Not sure about the first part but that second part seems accurate.

>> No.3599039

judge is god

>> No.3600711
File: 467 KB, 1024x1024, Lecture on Geology by Judge Holden.jpg [View same] [iqdb] [saucenao] [google]
3600711

>mon visage quand this thread

the judge is the resurrected moby dick and ahab as one. whereas in moby dick, ahab is trying to get an answer for whether or not there is absolute meaning to the universe (read: ontological dilemma):
ahab gets leg chomped by moby dick: seeks it out to see if moby dick is an intelligent divine entity (if there's an absolute meaning to the universe or not), or if moby dick's just an unintelligent brute beast (there is no absolute meaning to the universe - nihilism). this mirrors the ontological dilemma the West has had for the last few thousand years.

instead of the normal translation: instead of the polytheistic answer that Melville gives (that it isn't one way or the other), as seen with ahab not getting an answer and getting taken down into the indeterminate ocean ~ meanwhile ishmael survives floating on queequeg's polytheistic coffin.

blood meridian says that there is an answer to the ontological dilemma: "war is god", recalling heidegger's "conflict/war (polemos) and logos (god/the gathering) are the same," recalling heraclitus' war/strife (polemos) is the father of all things."

strife/conflict/war is what brings being into being. this is an ontological claim though, and the judge confuses its truth for the ontic. we see this in the way that yes, conflict out-competes cooperation, but there are times where cooperation out-competes conflict. this is the nonviolent thinking that heidegger wants us to get back to.

>> No.3601030 [DELETED] 

>>3596504
"And yet you've played the greatest parts!
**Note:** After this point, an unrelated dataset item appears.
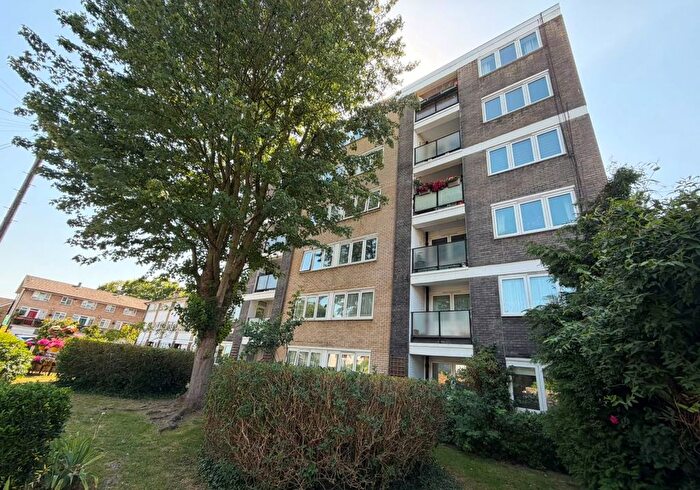 2 Bedroom Flat For Sale In Middlesex Court, British Grove North, Chiswick, London, W4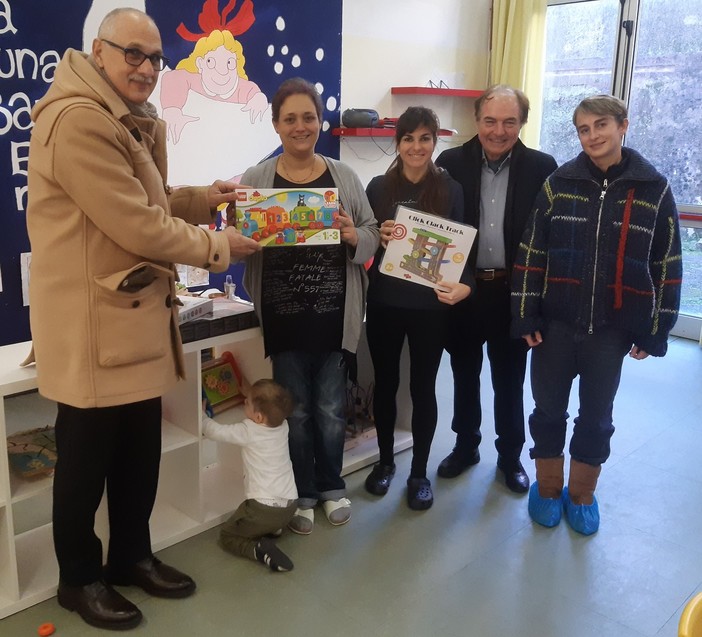 Dal “Lions Club Cinque Terre” tanti giocattoli per l’asilo-nido “Puer puella”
You've played Shakespeare! You've played Hamlet! Have you never been touched in your inmost soul when speaking that tremendous monologue: To be or not to be...."

"What do you mean by tremendous?"

"Full of profound thought."

"Do explain yourself! Is it so full of profound thought to say: Shall I take my life or not? I should do so if I knew what comes hereafter, and everybody else would do the same thing; but as we don't know, we don't take our lives. Is that so very profound?"

"Not if expressed in those words."

"There you are! You've surely contemplated suicide at one time or another? Haven't you?"

"Yes; I suppose most people have."

"And why didn't you do it? Because, like Hamlet, you hadn't the courage, not knowing what comes after. Were you very profound then?"

"Of course I wasn't!"

"Therefore it's nothing but a banality! Or, expressed in one word it is—what is it, Gustav?"

"Stale!" came a voice from the clock, a voice which seemed to have waited for its cue.

don't steal from strindberg, it's not cool

>> No.3601639

>>3589644
the judge was the necessary violence it took to tame the west.
our empire is possible because of his violence.

the epilogue is about fence posts dividing up the now tame lands.